What is expected
Work through the data line by line, gathering every line that has the word "More".

Data records:
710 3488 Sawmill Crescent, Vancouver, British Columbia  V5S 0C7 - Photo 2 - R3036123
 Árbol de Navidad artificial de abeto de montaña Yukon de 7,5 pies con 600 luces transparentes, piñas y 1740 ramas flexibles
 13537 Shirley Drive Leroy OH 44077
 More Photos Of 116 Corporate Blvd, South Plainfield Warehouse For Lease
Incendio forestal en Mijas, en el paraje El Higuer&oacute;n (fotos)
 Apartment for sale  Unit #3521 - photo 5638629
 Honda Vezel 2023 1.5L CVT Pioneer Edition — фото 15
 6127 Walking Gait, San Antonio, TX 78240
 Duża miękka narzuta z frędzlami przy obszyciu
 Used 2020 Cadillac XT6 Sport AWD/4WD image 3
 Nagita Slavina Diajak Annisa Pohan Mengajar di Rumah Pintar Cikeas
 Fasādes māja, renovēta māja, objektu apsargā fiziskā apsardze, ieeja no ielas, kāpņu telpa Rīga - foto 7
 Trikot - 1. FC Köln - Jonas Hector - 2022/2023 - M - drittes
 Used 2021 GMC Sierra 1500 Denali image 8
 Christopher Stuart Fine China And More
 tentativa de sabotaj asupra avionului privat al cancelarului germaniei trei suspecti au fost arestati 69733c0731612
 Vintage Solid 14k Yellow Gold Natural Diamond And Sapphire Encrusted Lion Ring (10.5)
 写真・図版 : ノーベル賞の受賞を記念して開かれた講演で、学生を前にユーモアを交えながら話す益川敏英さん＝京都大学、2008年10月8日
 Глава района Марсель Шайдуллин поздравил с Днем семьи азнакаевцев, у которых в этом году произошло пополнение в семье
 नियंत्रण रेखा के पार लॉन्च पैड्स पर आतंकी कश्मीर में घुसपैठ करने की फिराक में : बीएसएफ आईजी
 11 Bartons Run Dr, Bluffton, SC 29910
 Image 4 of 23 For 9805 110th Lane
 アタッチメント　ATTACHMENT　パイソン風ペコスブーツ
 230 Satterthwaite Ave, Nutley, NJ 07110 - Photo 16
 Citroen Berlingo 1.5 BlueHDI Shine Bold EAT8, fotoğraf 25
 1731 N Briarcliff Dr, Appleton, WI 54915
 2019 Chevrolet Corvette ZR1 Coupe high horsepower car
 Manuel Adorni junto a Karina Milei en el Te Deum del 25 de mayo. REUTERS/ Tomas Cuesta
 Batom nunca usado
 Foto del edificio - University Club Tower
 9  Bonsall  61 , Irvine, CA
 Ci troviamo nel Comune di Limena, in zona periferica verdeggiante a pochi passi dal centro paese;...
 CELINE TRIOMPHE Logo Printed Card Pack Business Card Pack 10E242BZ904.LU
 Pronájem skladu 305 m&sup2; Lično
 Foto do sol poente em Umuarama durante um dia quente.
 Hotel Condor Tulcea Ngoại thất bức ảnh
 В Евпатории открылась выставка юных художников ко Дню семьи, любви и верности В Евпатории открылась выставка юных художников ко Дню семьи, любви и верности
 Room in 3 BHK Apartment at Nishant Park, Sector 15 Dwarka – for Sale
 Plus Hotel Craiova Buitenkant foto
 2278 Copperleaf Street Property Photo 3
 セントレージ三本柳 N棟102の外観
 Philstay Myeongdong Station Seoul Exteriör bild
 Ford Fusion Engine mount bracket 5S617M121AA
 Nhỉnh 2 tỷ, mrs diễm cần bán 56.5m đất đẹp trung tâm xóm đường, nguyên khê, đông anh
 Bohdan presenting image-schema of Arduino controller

Answer section
 More Photos Of 116 Corporate Blvd, South Plainfield Warehouse For Lease
 Christopher Stuart Fine China And More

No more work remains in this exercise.